Nur wenige Kilometer vor der deutschen Grenze soll am Standort Nördlich Lägern in der Schweiz ein Endlager für Atommüll entstehen. Dafür hat sich die zuständige nationale Genossenschaft entschieden. Oder wie sie sagen würden: Die Geologie hat entschieden. Aber ist das Ganze denn auch erdbebensicher?

In der Schweiz bebt es mehrmals täglich

Seismologisch gesehen ist die gesamte Schweiz eine Erdbebenzone. Denn unter der Schweiz kollidieren zwei Kontinentalplatten – Europa und Afrika. Entlang der Kollissionsfront schiebt sich das Gestein auf. Vor etwa 50 Millionen Jahren entstanden dort die Alpen, die bis heute wachsen.

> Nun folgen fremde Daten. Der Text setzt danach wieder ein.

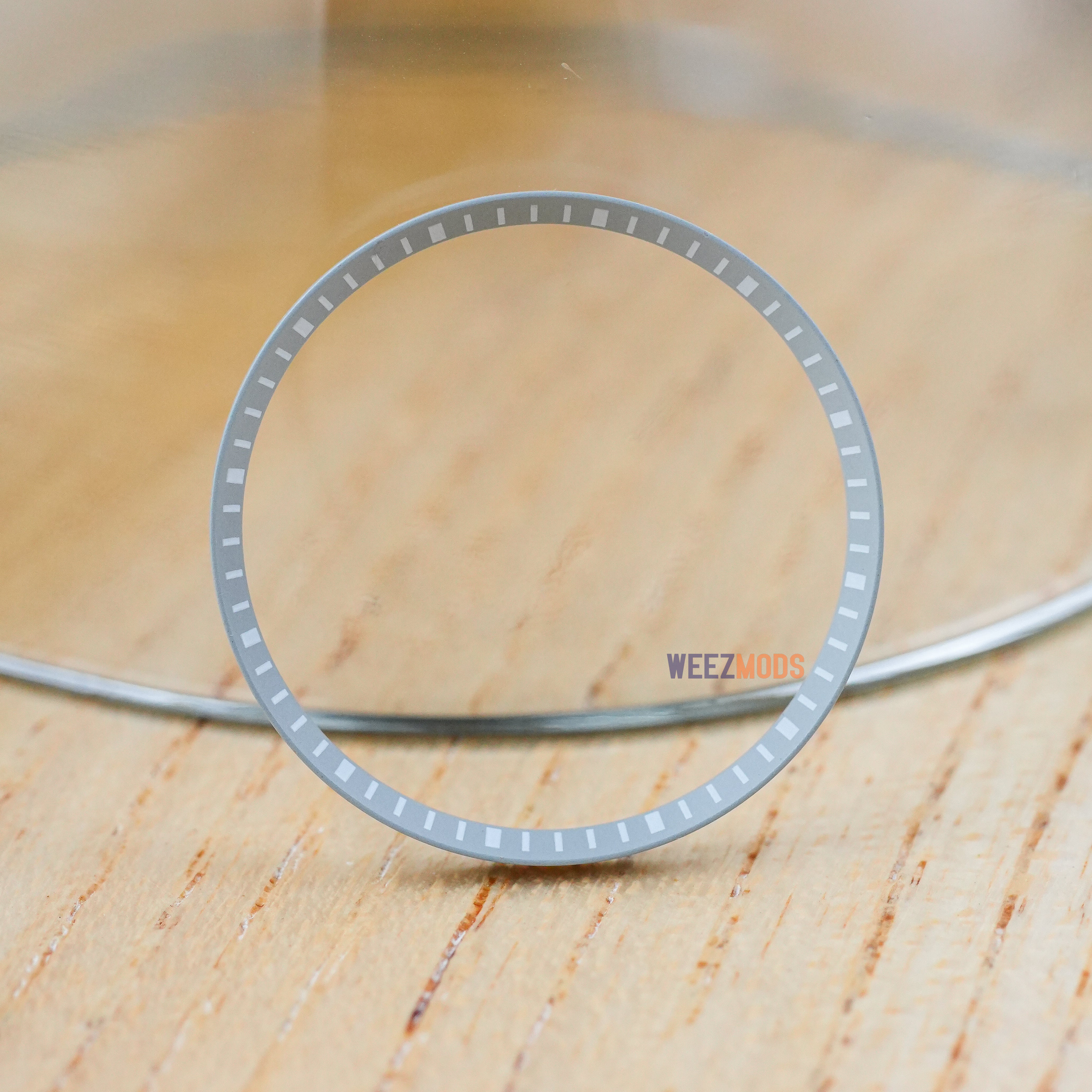 SKX007/SRPD Chapter Ring: Grey with White Markers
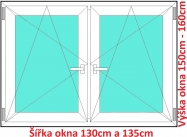 Okna OS+OS SOFT šířka 130 a 135cm x výška 150-160cm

Diese Plattengrenze ist aber keine gerade Linie sondern spannt ein Netz aus Verwerfungen durch die gesamte Schweiz. Entlang der Verwerfungen kommt es täglich zu kleineren oder größeren Beben. Seismisch aktive Zonen kann man in der Schweiz – anders als in Deutschland – kaum umgehen, wenn man nach einem geeigneten Atommüll-Standort sucht.

Kernkraftwerkam Rhein in unmittelbarer Nähe zu Deutschland.
Vier von fünf Kernkraftwerken sind in der Schweiz noch in Betrieb. Sie produzieren jährlich rund siebzig Tonnen hochradioaktiven Atommüll.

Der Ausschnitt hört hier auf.